The letter explains that the University and “its sponsoring Church” will save more than $1 million annually. The letter also suggests that families using credit cards to finance tuition costs should contact the University for other less-costly options. And then, get this, the letter says, “In addition to the significant cost savings, BYU is now able to provide a free electronic check option and a number of enhanced features making internet payments safer and more convenient.”
So let me get this straight, something that wasn’t free in the past is free now because a bunch of money isn’t being spent somewhere else. So wait, how much is the Church saving again? Surely not all of the “more than $1 million” if it is only because of this savings that some other undefined expense is now free to all students. And how exactly can these new services be “in addition to” rather than “because of” cost savings? Hmm…
I have three reasons why I think this is a bad idea, some potentially specific to me and others more universal:
1) As the world moves toward flexibility and convenience with money (in a good way is what I mean, not in the overused-in-General-Conference bad way), BYU decides to be less accommodating to its students while hiding behind “Church savings.” From a business standpoint, this can be a big faux pas.
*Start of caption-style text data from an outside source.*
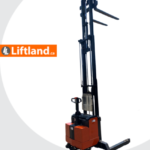 BT STACKER ELECTRIC 3000 LBS.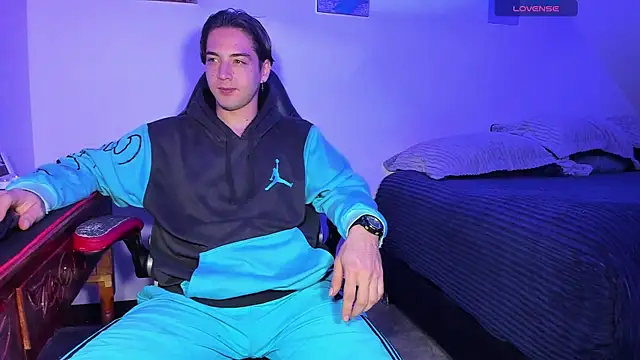 Snapshot of Alex_smith00 chatting on September 18, 2:02 am Alex smith00 online show from September 18, 2:02 am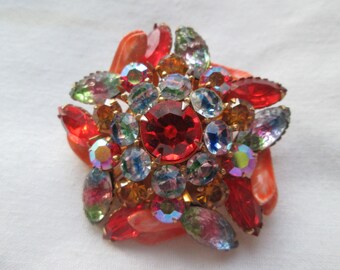 Broche de flor de esmalte arcoíris con cristales de imitación naranjas de la década de 1940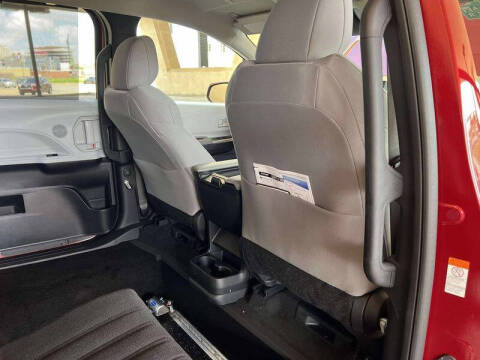 2025 Toyota Sienna LE 8-Passenger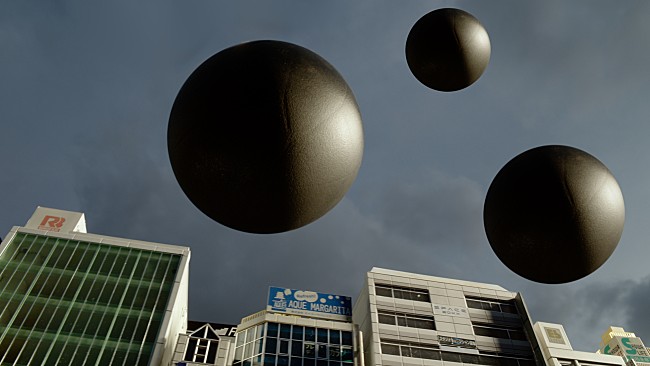 「Dos Monos、3年ぶりのニューAL『Dos Atomos』から謎の球体が登場する「MOUNTAIN D」MV公開」1枚目/5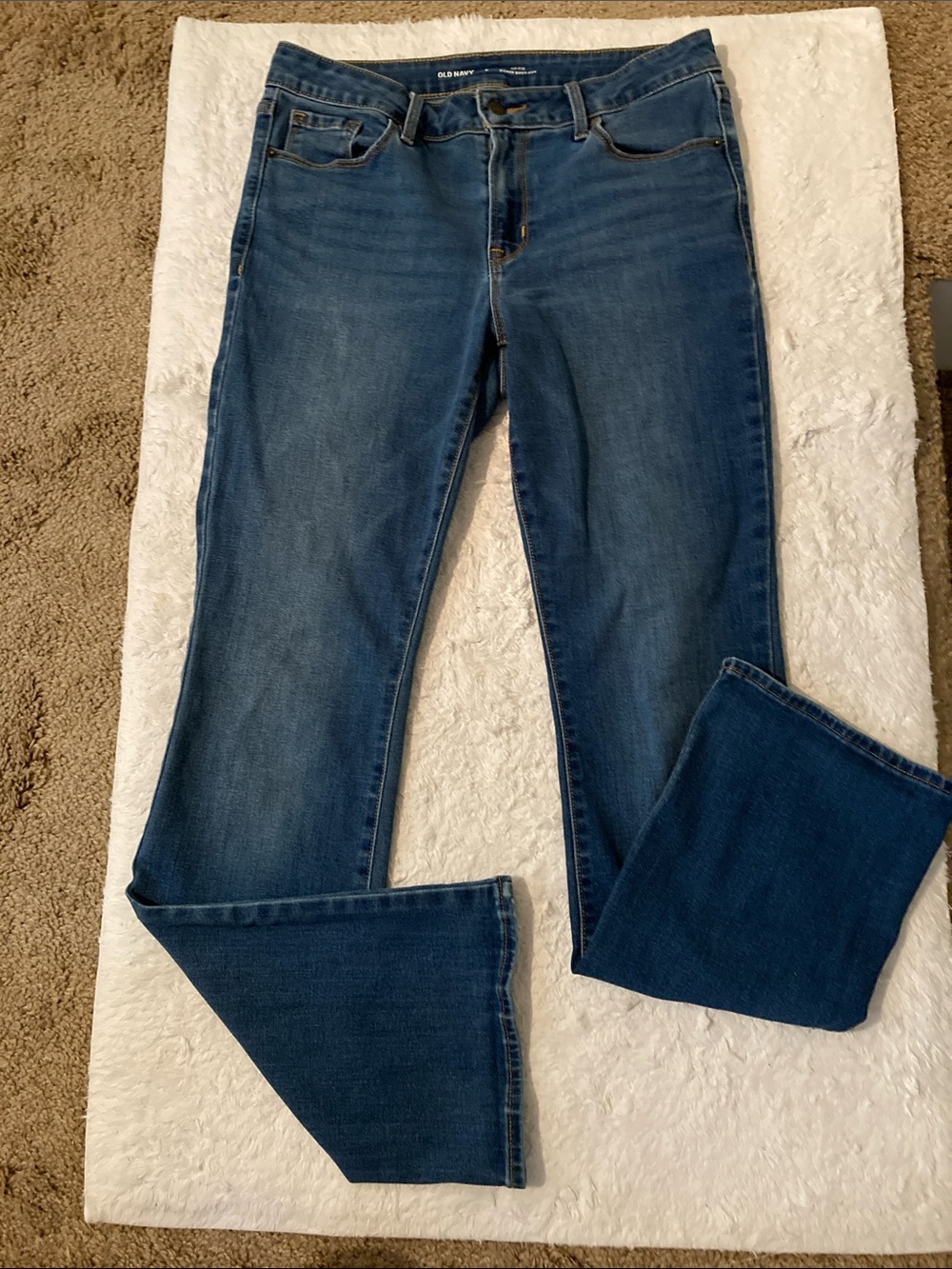 Old Navy Women's Mid Rise Kicker Boot Cut Jeans in Medium Blue Wash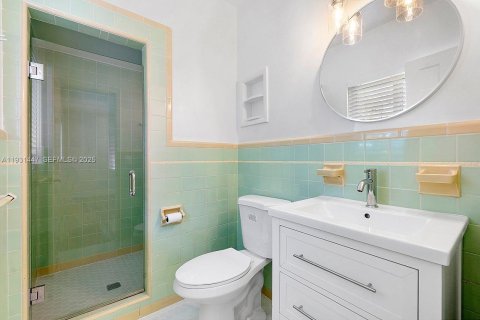 Снять в аренду виллу или дом в Корал-Гейблс, Флорида 4 спальни, 194.44м2, № 1990109 - фото 16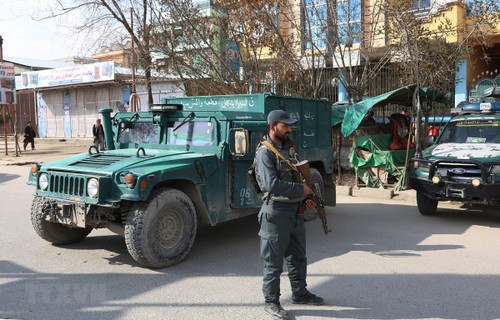 Afghanistan: Seorang pemimpin Taliban dan pengawalnya tewas dalam serangan bom - ảnh 1
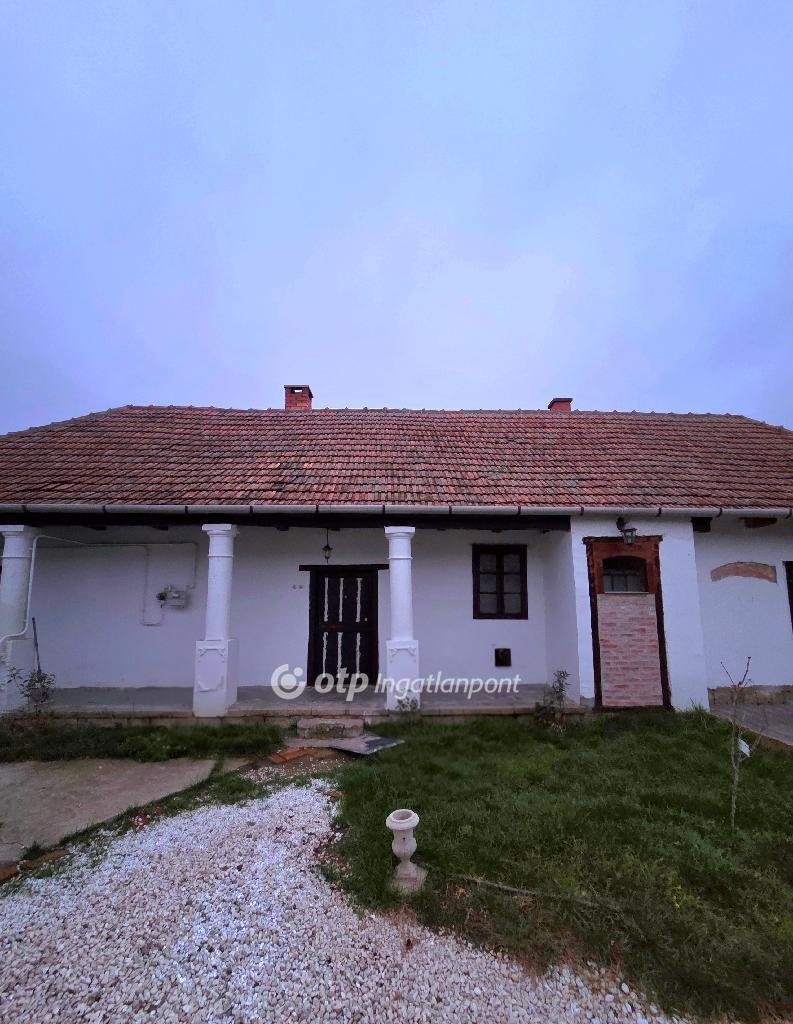 2 bed · 72m² · 18.000.000 ft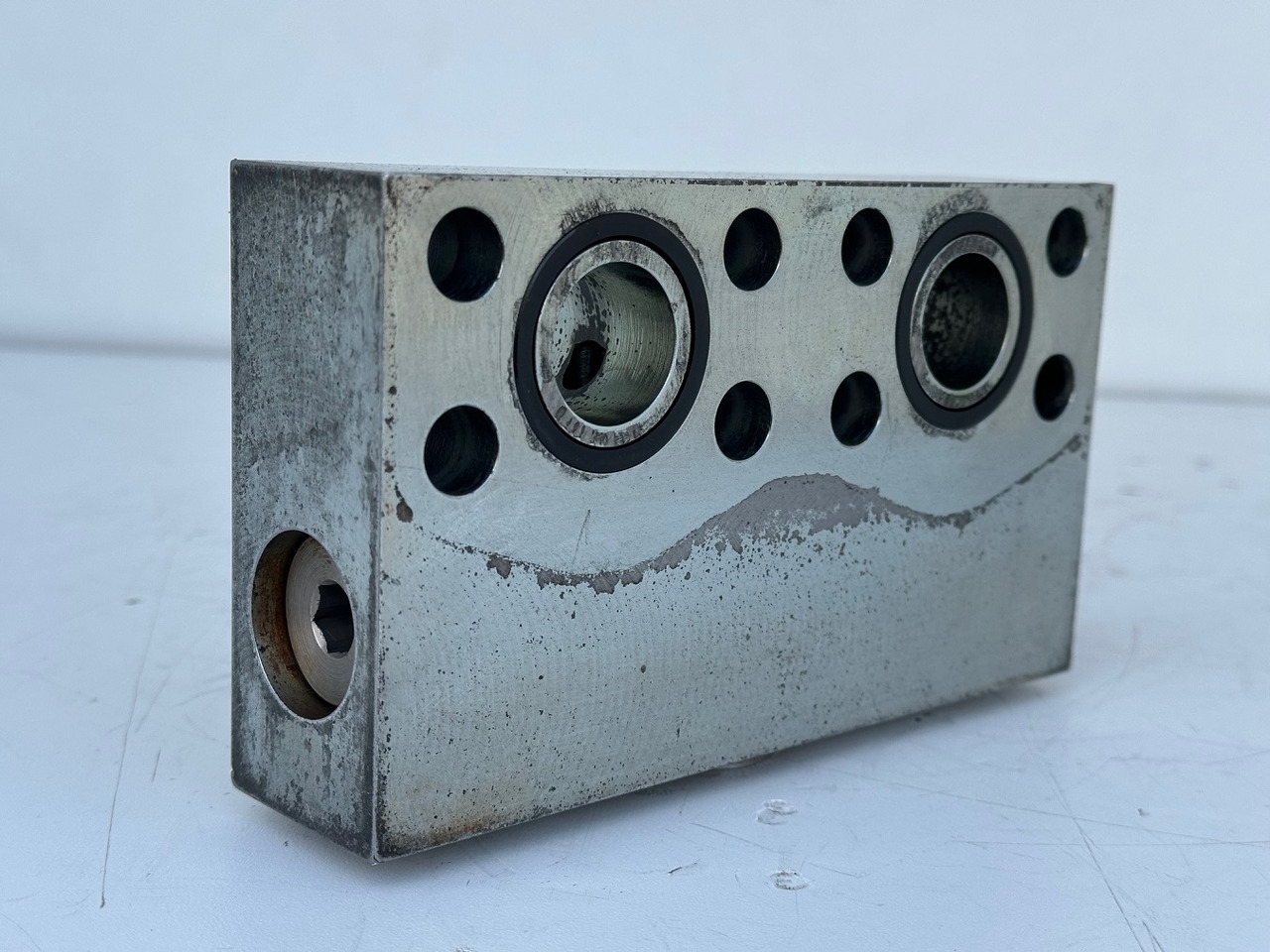 Liebherr Dämpfungsventil ID-Nr.10121777. P924 COMP, P926, R926, R916, R922, R924 COMP, R924, R926 COMP, R926, R930, R936, R946, R950 T, R960 T. #10121777.43199# - Schwenkmotor für Baumaschine: das Bild 4 Liebherr Dämpfungsventil ID-Nr.10121777. P924 COMP, P926, R926, R916, R922, R924 COMP, R924, R926 COMP, R926, R930, R936, R946, R950 T, R960 T. #10121777.43199# - Schwenkmotor für Baumaschine: das Bild 4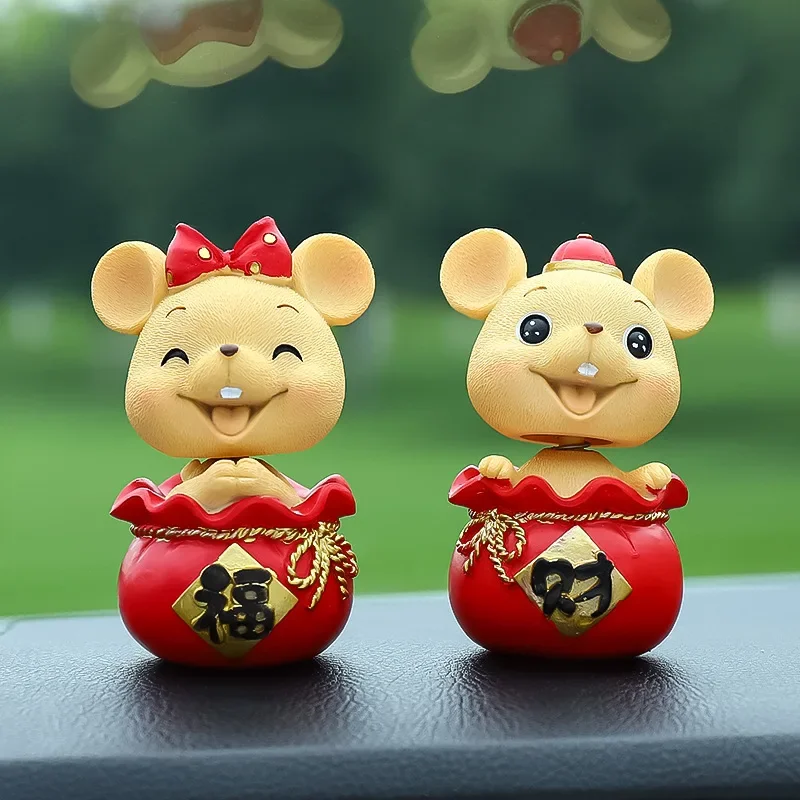 New car decoration cartoon shaking head happy mouse interior decoration resin  car accessories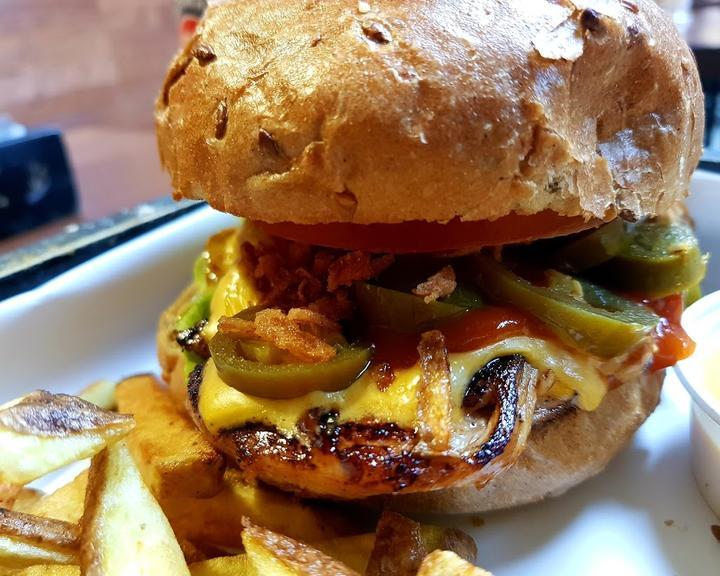 3H's Burger & Chicken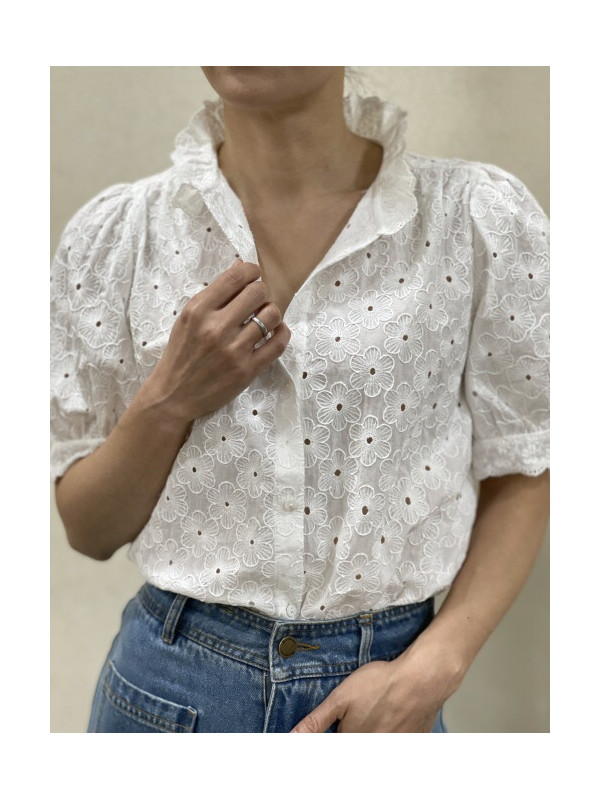 Chemise col froufrou manches courtes fleurs brodées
If, as a company or organization, you need to save money, you have big problems if the not-accepting-credit-card-payments option is what you come up with. It’s just better for a price increase to happen with value and/or services staying the same (or improving) rather than the price staying the same and value and/or services being taken away. You can almost always raise prices. But don’t mess with taking away something a consumer has already valued! BYU has chosen the first option every year anyway, so why the sudden change? Speculation time: Is there a bigger message? Are credit cards evil? Should we destroy the fire that we can’t control?
2) I have flown to Eastern Europe a couple of times free of charge because of airline points which I have earned via credit cards. Many of these points have come from tuition payments charged throughout the past few years (none of which accrued any interest, why is it that any talk of credit cards is followed by interest and poorly chosen financing? Am I the only one who uses credit cards for practically everything while paying no interest?). I know this is probably my weakest point, but I was seriously looking forward to the Hilton points we were going to earn in January from my wife’s last semester tuition (we’re so close to the week-free package in Hawaii).
3) While the above is a perk that I and many others could live without, a more serious issue not addressed in the letter was that of tuition reimbursements. I’m talking of employer sponsored programs, which help finance many students’ education. I, for one, have worked for an employer for the past five years that has given me $1,500 toward tuition twice a year. The reason BYU’s change is a problem is because, as the name implies, a reimbursement comes after a payment. So students who need to make a payment before receiving a reimbursement will have to pay the 2.75 percent charge or somehow come up with thousands of dollars in their checking account temporarily.
While I’m all for the Church saving money, if we were to have a post called “The Top Ten Ways The Church Could Save Money,” would this change make the list? Not in my book.